There are a number of great sites to visit in the city. Castle Hill and Buda Castle, Fisherman’s Bastion and St. Matthias Church (with great views of the Danube and City from the walls), Gellert Hotel Spa (known for thermal heated springs – men on one side of the spa and women on the other), the Museum of Fine Arts and the National Musueum, the incredible Neo-gothic Parliment Building first started in 1886, and Heroes Square and Millennium Monument featuring statues of former Hungarian rulers, a tomb to the Unkown Soldier and a magnificent bronze statue of Magyar Prince Arpad and 6 of his warriors. along with these there is a well kept long promenade that runs along the Danube for miles with pathways for pedestrians and bikers.
On part of the Promenade is an unusual and moving sculpture, 60 pairs of shoes from the 1940’s representing Jews who were taken to the Danube, asked to remove all of their possessions and shoes and were then shot by the Nazi’s to fall in the icy waters of the Danube.

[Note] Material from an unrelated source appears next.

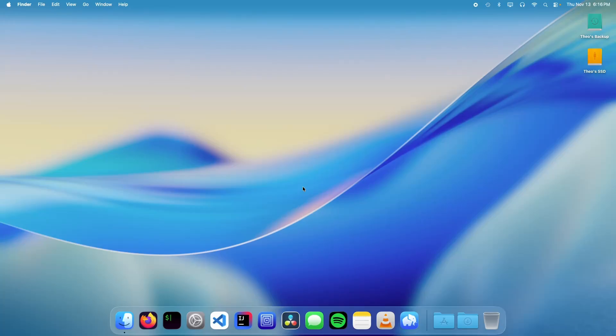Hello! It's Theo from Theo's Tech Tips and in this video I'm going to show you how to use Apple Container on a Mac. Let's get started.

There are numerous churches in the city, one of the largest is the Baroque University church built in the 1700’s. There is also a large Jewish synagogue not far from this and the Budapest Opera House that many people feel is more beautiful than the Vienna Opera House. We also visited the huge Market Building where you can purchase food of all kinds, groceries, every kind of sausage imaginable, caviar, paprika, and in the upstairs area souvenier’s galore. There were also a number of eateries upstairs.
Just past this is the block after block of the walking promenade with tourists shops abounding. On our free day we took an optional trip to the artists village of St. Andre (Szentendre). We had been here before but wanted to return as there are a number of fashionable shops, featuring the Hungarian blue-dye products, to visit and one place we had not seen, the Marzipan factory. Marzipan is crushed almonds mixed with water and sugar to form a sticky paste that is then formed into the most incredible art pieces you have seen. Coloring is mixed with the pasty mixture to add to the sculpture. One was of the Parliament Building, a huge Micky Mouse, numerous scenes from Disney movies, a life sized Princess Diana and a life sized Michael Jackson, also made partially with white chocolate.
An exit into the gift shop brought an array of candies to purchase. It was a fun morning trip. Our adventures in eastern Europe are ending in a couple of days. We leave tonight for Bratislava, Slovakia (not Slovenia) for part of a day then on to our final stop, Vienna, Austria. For our trip to Vienna we will not be visiting the Schonbrunn Palace, as we have already seen it, but I highly recommend if you get over there this is a not to be missed. Just think of Versailles in Paris. Many of our group will also attend a performance at the Vienna Opera House.
Again, hope all is well with you and you have enjoyed the updates. In a future article in thevistapress.com  online I will write about a couple of the places we visited in more detail and put in a slide show of pictures Carolyn has been taking so you get a better idea of what these places look like over here.